How do you write?

Talk to any writer, and each will have a different process for writing – more so with longer works.

My preference is to do a complete pass and then give it a break – doesn’t matter whether I’m doing a first draft, final polish, character pass, or whatever. I find that if I start but stop halfway through, it’s hard to go back later on, and the longer I leave it, the harder it gets.

What’s more, I find the more I focus on the one story, the more I want to return to it, and that seems to translate into a bigger, better, and more effective effort.

For me, that’s when the magic starts. Ideas, thoughts, and story twists come almost unbidden. Problems resolve in directions I didn’t see coming. The story ‘flows’.

What’s your process? How does writing work for you?

Don’t take the piss out of success

Recently I was talking with a bunch of writers about editing and structure, and I used Stephanie Meyer’s Twilight as an example to illustrate a point I was making.

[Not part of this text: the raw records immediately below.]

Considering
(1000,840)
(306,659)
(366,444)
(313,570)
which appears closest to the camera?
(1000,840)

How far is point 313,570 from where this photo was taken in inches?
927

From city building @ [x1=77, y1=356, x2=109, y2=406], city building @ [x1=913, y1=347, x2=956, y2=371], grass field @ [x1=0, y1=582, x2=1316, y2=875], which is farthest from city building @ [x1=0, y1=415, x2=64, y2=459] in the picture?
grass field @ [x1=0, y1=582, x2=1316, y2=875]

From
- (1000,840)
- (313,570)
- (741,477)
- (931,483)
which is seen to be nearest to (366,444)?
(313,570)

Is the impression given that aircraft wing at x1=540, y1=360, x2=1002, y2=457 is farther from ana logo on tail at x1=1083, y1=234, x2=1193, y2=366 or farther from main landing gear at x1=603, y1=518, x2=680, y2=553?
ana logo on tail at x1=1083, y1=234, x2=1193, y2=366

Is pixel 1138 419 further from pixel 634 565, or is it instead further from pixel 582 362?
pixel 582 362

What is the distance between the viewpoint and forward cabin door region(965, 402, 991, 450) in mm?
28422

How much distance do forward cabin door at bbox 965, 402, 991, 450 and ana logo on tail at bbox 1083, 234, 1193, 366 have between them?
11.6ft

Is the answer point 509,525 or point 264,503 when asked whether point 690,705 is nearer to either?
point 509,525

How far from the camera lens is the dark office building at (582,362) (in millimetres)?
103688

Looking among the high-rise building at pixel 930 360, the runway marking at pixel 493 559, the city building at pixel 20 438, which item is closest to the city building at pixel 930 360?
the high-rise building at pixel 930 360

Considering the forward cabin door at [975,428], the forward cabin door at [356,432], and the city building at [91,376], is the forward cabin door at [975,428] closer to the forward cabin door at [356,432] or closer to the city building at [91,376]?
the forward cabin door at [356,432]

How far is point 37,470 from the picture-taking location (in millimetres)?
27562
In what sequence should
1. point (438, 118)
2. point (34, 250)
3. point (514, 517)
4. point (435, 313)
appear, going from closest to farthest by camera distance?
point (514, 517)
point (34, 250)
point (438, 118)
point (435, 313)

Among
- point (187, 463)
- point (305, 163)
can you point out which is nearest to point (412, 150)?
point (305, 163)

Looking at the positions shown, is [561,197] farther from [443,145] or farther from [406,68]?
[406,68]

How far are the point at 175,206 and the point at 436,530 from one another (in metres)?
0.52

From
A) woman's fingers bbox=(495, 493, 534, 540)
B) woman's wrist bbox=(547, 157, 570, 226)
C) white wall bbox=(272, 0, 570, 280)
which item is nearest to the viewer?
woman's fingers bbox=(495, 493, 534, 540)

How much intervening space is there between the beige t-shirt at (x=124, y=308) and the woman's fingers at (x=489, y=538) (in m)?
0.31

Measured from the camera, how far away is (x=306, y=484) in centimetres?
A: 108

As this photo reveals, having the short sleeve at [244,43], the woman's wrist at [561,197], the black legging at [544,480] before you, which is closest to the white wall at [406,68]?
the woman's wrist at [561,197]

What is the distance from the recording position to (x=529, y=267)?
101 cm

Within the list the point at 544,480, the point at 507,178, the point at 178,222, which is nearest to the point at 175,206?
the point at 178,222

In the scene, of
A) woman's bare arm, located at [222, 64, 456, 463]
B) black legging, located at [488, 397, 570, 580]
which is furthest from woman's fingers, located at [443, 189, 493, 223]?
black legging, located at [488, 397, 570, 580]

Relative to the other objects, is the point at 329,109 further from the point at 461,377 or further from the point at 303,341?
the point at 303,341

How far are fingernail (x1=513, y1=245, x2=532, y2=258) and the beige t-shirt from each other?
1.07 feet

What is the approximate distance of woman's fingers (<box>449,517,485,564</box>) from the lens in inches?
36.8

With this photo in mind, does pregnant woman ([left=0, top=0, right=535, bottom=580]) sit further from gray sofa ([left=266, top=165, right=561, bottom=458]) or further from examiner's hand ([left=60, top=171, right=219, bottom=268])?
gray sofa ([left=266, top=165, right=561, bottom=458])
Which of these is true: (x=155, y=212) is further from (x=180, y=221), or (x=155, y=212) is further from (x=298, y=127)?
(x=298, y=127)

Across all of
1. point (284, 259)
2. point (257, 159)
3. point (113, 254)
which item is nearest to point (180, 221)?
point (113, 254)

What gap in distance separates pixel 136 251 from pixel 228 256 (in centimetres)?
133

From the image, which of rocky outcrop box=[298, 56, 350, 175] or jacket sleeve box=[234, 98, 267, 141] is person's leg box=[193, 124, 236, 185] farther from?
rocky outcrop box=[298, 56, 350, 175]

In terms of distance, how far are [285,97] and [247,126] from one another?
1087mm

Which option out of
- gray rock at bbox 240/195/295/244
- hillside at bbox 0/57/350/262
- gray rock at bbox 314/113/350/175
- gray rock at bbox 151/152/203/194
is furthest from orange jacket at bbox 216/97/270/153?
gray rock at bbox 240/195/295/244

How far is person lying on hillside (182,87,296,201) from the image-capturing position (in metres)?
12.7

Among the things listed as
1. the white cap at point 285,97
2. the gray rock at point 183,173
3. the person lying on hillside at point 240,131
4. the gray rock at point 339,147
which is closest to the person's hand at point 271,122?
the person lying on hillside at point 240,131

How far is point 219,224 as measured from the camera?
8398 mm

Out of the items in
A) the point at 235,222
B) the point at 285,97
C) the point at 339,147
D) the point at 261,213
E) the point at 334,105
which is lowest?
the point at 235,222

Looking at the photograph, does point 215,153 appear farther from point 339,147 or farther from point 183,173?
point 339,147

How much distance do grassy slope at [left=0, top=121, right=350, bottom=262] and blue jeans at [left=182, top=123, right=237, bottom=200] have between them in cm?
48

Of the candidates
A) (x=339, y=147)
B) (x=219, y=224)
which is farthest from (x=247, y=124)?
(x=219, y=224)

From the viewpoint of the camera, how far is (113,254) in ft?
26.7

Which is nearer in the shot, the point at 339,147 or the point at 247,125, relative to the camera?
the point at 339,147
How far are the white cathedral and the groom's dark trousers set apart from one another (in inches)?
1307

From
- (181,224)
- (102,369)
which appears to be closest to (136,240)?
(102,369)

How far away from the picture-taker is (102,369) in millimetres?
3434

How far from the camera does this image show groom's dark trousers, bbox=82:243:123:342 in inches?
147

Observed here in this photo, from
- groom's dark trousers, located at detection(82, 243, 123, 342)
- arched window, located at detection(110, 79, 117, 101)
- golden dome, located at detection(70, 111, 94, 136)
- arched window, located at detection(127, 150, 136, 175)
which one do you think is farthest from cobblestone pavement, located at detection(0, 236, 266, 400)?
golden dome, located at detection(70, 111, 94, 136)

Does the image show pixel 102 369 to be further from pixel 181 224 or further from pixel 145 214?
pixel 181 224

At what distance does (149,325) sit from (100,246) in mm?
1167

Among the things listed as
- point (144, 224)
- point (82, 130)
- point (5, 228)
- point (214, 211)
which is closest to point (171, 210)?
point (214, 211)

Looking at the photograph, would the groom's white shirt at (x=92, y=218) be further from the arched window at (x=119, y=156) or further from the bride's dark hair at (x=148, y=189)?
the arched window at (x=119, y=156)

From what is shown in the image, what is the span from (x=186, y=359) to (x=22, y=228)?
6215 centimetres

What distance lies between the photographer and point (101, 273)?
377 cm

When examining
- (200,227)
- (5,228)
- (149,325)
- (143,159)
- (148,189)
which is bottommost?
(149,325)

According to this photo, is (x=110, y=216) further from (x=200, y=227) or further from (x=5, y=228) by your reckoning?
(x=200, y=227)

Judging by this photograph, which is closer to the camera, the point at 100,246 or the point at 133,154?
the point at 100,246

The moment I mentioned the book the room erupted into derision. I can understand that: Twilight’s certainly not for everyone.

However, it did break out of its genre and go global in a big way, selling millions of copies and spawning some very successful movies. The Twilight books provided everything a growing author needs – enough money to quit their day job. The rest, of course, is cream.

If you want that kind of success, why dump on it?

The point I was trying to make was that if you don’t hit all the plot points that your readers are subconsciously expecting, they’re going to walk away with the feeling that ‘something just didn’t work’.

They probably couldn’t tell you why, but they’ll know it regardless. What’s more, they’re not going to recommend a book that ‘didn’t work’ for them. Your book, in this case.

Stephanie Meyer did everything right in Twilight – she hit all the right plot points and made her readers care – very deeply – about her protaganist, and finished it off with a very satisfying ending.

That doesn’t mean your story needs sparkly vampires, but when an author sells millions of copies and smashes through genre boundaries, it’s a good bet they’re doing something right.

Take note, even if its not a story for you. Study what works and emulate it.